I don’t claim to have profound insights but in my process of discernment it is becoming clearer that relationships are sacramental, and in that respect they are mysterious and deeply personal. Each one is an occasion to experience God’s presence in a real, tangible way in our lives. There are as many different types of relationships as there are people, and there are different levels or dimensions in which they are expressed. But the labels and particulars are secondary. At the heart of them all – the partner, the friend, even the passing acquaintance or stranger – is this idea of blessing others. We are not here just for our own satisfaction or pleasure. Relationships are not simply about being happy or fulfilled (though healthy relationships often bring a sense of wholeness and satisfaction); they are about experiencing and seeing the sacred in and through others. They are about calling forth or naming others’ beauty, worth and potential. And then, maybe in the process, we find the beauty, worth and potential in ourselves.

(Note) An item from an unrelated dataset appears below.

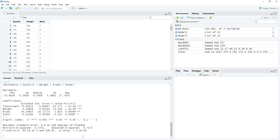The results are a little bit different with the interaction term. Our coefficient for black is still significant, but not quite as significant as it had been in the prior model. And we see that our interaction term has some significance as well.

I believe that same-sex relationships require great care and thoughtfulness, might I even say prayerfulness. We have freedom, a scary but equally exhilarating opportunity to define our relationships in the ways that we need to and want to. Gender roles are not assumed; we do not have to be bound by many of the societal norms and expectations as heterosexual couples. But I also believe that in our attempts to forge new ways of being together, we should not forget that the heart of all relationships is in an invitation to the mystery and wonder of life, an opportunity to know another deeply and to be deeply known.
My hands are made to bless,
to offer on behalf of others,
a prayer, a touch,
inner healing and life.
It is part of my calling
part of my own healing, perhaps,
to hold another beautiful soul
and to claim its beauty and worth,
to pray from a deep place for
its safety, peace, stability,
to ask that this soul know the
ground-shifting, life-reorienting love and grace
that I have heard spoken of and
glimpsed in unexpected moments in my own life.

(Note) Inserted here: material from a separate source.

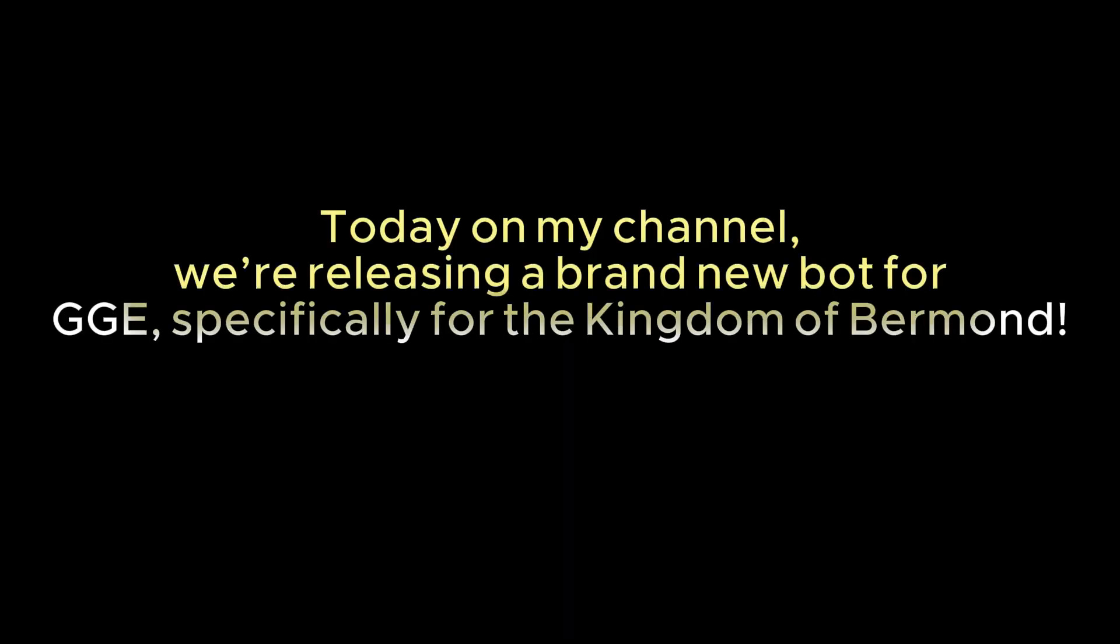Hello everyone and welcome back. Today on my channel, we're releasing a brand new bot for GGE, specifically for the Kingdom of Bermond.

I feel myself a broken vessel
into which something of great
beauty and value has been poured,
and I am grateful, and humbled,
and curious how it could be.
But I know that I am also called to be courageous,
to live in this holy paradox and to
seek God’s will in it,
to ask more deeply whose I am
and who I am
and what this this precious gift of life and love
are to accomplish in this beautiful, broken world.
I am grateful for the ways that Jesus continues to be present to me. This morning while walking to the subway station, a young girl, proudly pulling her backpack and walking behind her older brother (I assume), looked up at me and gave me most sincere and joyous smile that I have ever seen. I saw contentment and freedom written across her face. Throughout the day, she has been something of an icon. I picture that smile again in my mind and I can’t help but smile myself! What a gift!
And at church this week I’ve been enjoying rehearsals of the Clarion Music Society, an fine early music group that is using our Sanctuary to prepare excerpts from Bach’s Christmas Oratorio for a performance next Wednesday. Today I happened to walk in while they were rehearsing the alto aria, “Schlafe, mein Liebster.” Something about the music in that time and space spoke deeply to my soul. I felt loved, held with great tenderness. And as I left to run some errands afterward, the piece continued to work within me – a gentle reminder that I am indeed held in God’s loving arms, even as Jesus was held with great love and tenderness by his mother. Here’s a clip from Youtube – not the same as a live performance but a way to enjoy the beautiful music. (I found the video distracting, so I encourage you to close your eyes and enjoy!)
Schlafe, mein Liebster, genieße der Ruh,
Wache nach diesem vor aller Gedeihen!
Labe die Brust,
Empfinde die Lust,
Wo wir unser Herz erfreuen!
Sleep now, my dearest, enjoy now thy rest,
Wake on the morrow to flourish in splendor!
Lighten thy breast,
With joy be thou blest,
Where we hold our heart’s great pleasure!